On Thu, Oct 6, 2022 at 6:47 PM Yu Zhao <[email protected]> wrote:
>
> On Wed, Oct 5, 2022 at 9:30 AM kernel test robot <[email protected]> wrote:
> >
> >
> > Greeting,
> >
> > FYI, we noticed the following commit (built with gcc-11):
> >
> > commit: 763ecb035029f500d7e6dc99acd1ad299b7726a1 ("mm: remove the vma linked list")
> > https://git.kernel.org/cgit/linux/kernel/git/next/linux-next.git master
> >
> > in testcase: trinity
> > version: trinity-static-i386-x86_64-1c734c75-1_2020-01-06
> > with following parameters:
> >
> > runtime: 300s
> > group: group-03
> >
> > test-description: Trinity is a linux system call fuzz tester.
> > test-url: http://codemonkey.org.uk/projects/trinity/
> >
> >
> > on test machine: qemu-system-x86_64 -enable-kvm -cpu SandyBridge -smp 2 -m 16G
> >
> > caused below changes (please refer to attached dmesg/kmsg for entire log/backtrace):
> >
> >
> >
> > If you fix the issue, kindly add following tag
> > | Reported-by: kernel test robot <[email protected]>
> > | Link: https://lore.kernel.org/r/[email protected]
> >
> >
> > [ 63.390267][ T5018] ------------[ cut here ]------------
> > [ 63.391875][ T5018] kernel BUG at mm/mmap.c:3167!

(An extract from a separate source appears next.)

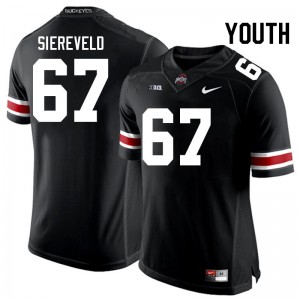 #67 Austin Siereveld Buckeye Nation Black Youth Jersey Stitched Football 288518-724
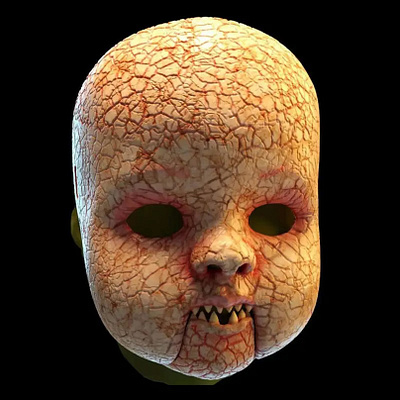 Possessed doll mask 3D Print Model STL Files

> > [ 63.393264][ T5018] invalid opcode: 0000 [#1] SMP PTI
> > [ 63.394501][ T5018] CPU: 1 PID: 5018 Comm: trinity-c1 Not tainted 6.0.0-rc3-00284-g763ecb035029 #1
> > [ 63.396050][ T5018] Hardware name: QEMU Standard PC (i440FX + PIIX, 1996), BIOS 1.16.0-debian-1.16.0-4 04/01/2014
> > [ 63.397726][ T5018] RIP: 0010:exit_mmap (mm/mmap.c:3167 (discriminator 1))
>
> Thanks, Oliver.
>
> The attached dmesg doesn't say much. My guess is the oom reaper jumped
> in between
>
> mmap_read_unlock(mm);
>
> /*
> * Set MMF_OOM_SKIP to hide this task from the oom killer/reaper
> * because the memory has been already freed.
> */
> set_bit(MMF_OOM_SKIP, &mm->flags);
> mmap_write_lock(mm);
>
> It seems to me we need to hold the lock for write all the time. But
> there is probably a reason we didn't do it in the first place.

Apparently this is safe: I checked all places that change VMAs and
none of them can race with the above (oom reaper was a red herring).